Si pour le moment, les constructeurs se dédouanent de toute responsabilité, comme le fait Tesla en précisant que le conducteur reste responsable de son véhicule, la solution pourra différer dans la mesure où la voiture n’aurait pas de conducteur. La situation est délicate : personne ne veut voir sa responsabilité engagée³. Il serait sévère de retenir celle du propriétaire du véhicule, simple passager, sans qu’il ait une quelconque maitrise des évènements. Mais il ne serait pas plus juste de retenir celle du constructeur, qui n’aurait lui non plus aucune maîtrise de l’utilisation faite du véhicule et des aléas de la circulation, comme un piéton qui traverserait de manière brusque au milieu de la route.

Cette question de responsabilité est celle qui semble poser le plus de problèmes: quelqu’un devra forcément s’acquitter de dommages et intérêts, mais qui pointer du doigt dans ces circonstances?

Dernièrement, le 4 octobre 2018, un procès fictif a été organisé par l’association Jurisnaute, avec sur le banc des accusés, l’intelligence artificielle. Était en cause un gigantesque accident, arrivé en 2041, mêlant des voitures autonomes, contrôlées par des logiciels intelligents ayant causé la mort de 50 personnes et fait des centaines de blessés. L’issue du procès est indicative mais permettra peut-être de présager les futurs choix politiques qui seront décidés : en l’espèce, l’humain, utilisateur de la voiture, est innocenté et l’intelligence artificielle condamnée. Ainsi, la société gérante de ces voitures autonomes est condamnée à une mesure de rééducation algorithmique et devra prendre en charge les dommages et intérêts demandés par la partie civile. Rien n’est dit quant à la responsabilité pénale.

Bien qu’il faille nécessairement établir un nouveau régime juridique propre à ce domaine, serait-il possible de s’imprégner de ceux préexistants comme celui de la responsabilité des produits défectueux ou de celui du fait des choses pour déterminer le responsable ?

 

B/ L’humain au cœur des préoccupations

 

Parmi toutes ces questions primordiales face à la mutation technologique à laquelle nous faisons face, il est également celle de la moralité⁴ . En reprenant le dilemme de l’accident inévitable, des choix moraux devront être faits, forcément sanglants. Sans conducteur, la voiture aura quelques secondes pour opérer un choix, guidée par des indications données au préalable.
Récemment, pour essayer de recueillir la vision des citoyens du monde, un site internet, nommé Moral Machine⁵ , proposait aux utilisateurs une mise en situation.
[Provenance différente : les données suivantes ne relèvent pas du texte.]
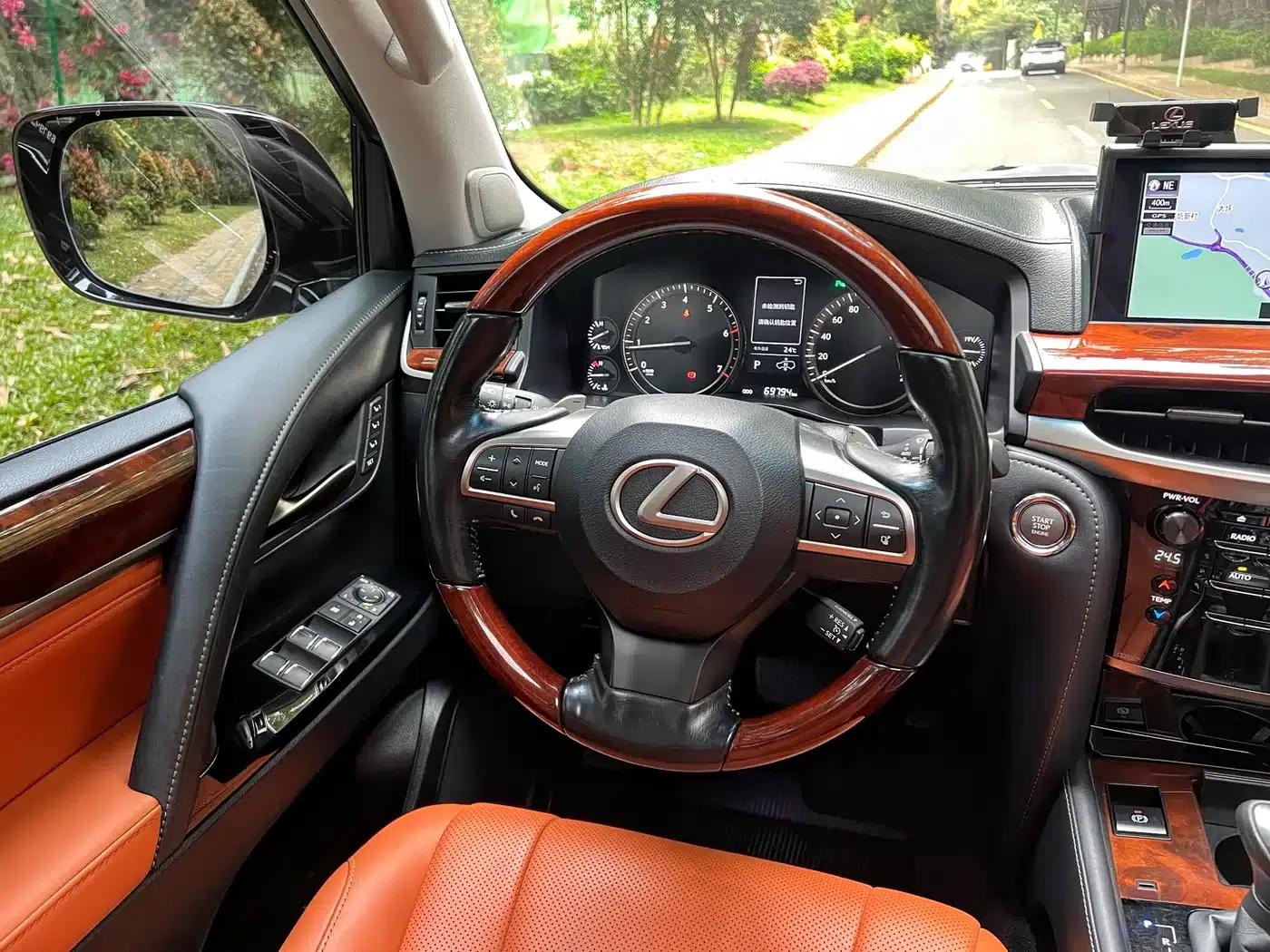 2017 Lexus LX 570 Dynamic Luxury Edition — миниатюра 7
Occupation quelque peu morbide, il n’est pas toujours aisé de choisir la mort d’un plutôt qu’un autre. Mais ces questions taboues doivent être posées et une ligne directrice fixée. A chaque question, le scénario prévoyait au moins la mort d’une personne quelle que soit la proposition choisie: mais qui sauver de la veuve ou l’orphelin?

Cette étude avait pour vocation de faire s’entamer d’éventuelles réflexions sur le sujet. En premier lieu, les réponses varient selon le type de société et la culture de la personne interrogée (individualiste et collectiviste). Certains sanctionneront alors le non-respect des réglementations du code de la route, tandis que d’autres privilégieront le nombre, ou encore la jeunesse à la vieillesse. Encore faut-il que les capteurs de la voiture soient capables d’analyser tous ces facteurs assez rapidement pour effectuer ce choix.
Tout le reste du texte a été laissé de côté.